Emma Donoghue, author of the Man Booker Prize shortlisted Room talks through the books that inspire her as an author. Emma's new novel The Wonder is out now in paperback.
by Emma Donoghue
The King James Bible.
This is one of the pillars our culture is built on, and I don't think I've ever written a book without quoting or echoing one of the verses.
The Chronicles of Narnia by C. S. Lewis.
A wonderful male babysitter - a 'spoiled priest', in fact, meaning a dropout from seminary - read me the complete cycle when I was about five, so for me the Narnia books are the original magic.
Grimm's Fairy tales by the Brothers Grimm.
I was a fairy-tale addict as a child, and the classic narrative motifs come up over and over again in my books. The Grimm collection has a wonderfully dark punch to it, by contrast with the melancholy romanticism of Hans Andersen, for instance.
I recently (over the course of a year) re-read the whole set after being stunned by a Globe production of Antony and Cleopatra. Even his not-so-great plays are chock full of the most stunning sentences.
Great Expectations by Charles Dickens.
We studied this for three years at my secondary school, and we never ran out of discoveries.
The Road by Cormac McCarthy.
Not only did McCarthy's novel make me weep compulsively on a beach in the Dominican Republic, but it helped inspired Room. I found myself wondering what an archetypal mother-child story would be, to set against the father-son journey in The Road.
Behind the Scenes at the Museum by Kate Atkinson.
Kate Atkinson's debut is one of the most memorably vivid novels I know, and the ultimate dysfunctional-yet-hilarious family story. I hope some of the fans of her detective fiction will seek out her earlier works, starting with this one.
Red Shift by Alan Garner.
This eerie young-adult title by Alan Garner was a bit of an obsession for me in my teens; he cuts between three different eras in the same mid-English setting (Roman Britain, Civil War and today) and, without any hokey tricks such as time travel, manages to suggest a subtle web of connections between them.
I used to find that if I wrote any poetry within a month of reading Plath, the most arresting images I came up with would turn out to be unconsciously borrowed from her. Infectiously lyrical.

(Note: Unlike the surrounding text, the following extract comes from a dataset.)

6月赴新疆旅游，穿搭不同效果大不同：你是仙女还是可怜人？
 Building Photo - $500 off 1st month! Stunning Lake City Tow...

The Passion by Jeanette Winterson.
The Napoleonic-era fantasy by Jeanette Winterson was the first lesbian-themed novel I read that was proudly literary. It made it possible for me to think of being a literary writer who happened to be writing about love between women.
The Earthsea Trilogy by Ursula LeGuin.
Ursula LeGuin's marvelously atmospheric set of stories about an archipelago where wizards control creatures by knowing the creatures' true names.
Emma by Jane Austen.
It's hard to choose my favourite Jane Austen novel, but I was named for this one (since my literary critic father had been working on Austen) and I've always found the heroine's cheerful bossiness irresistible.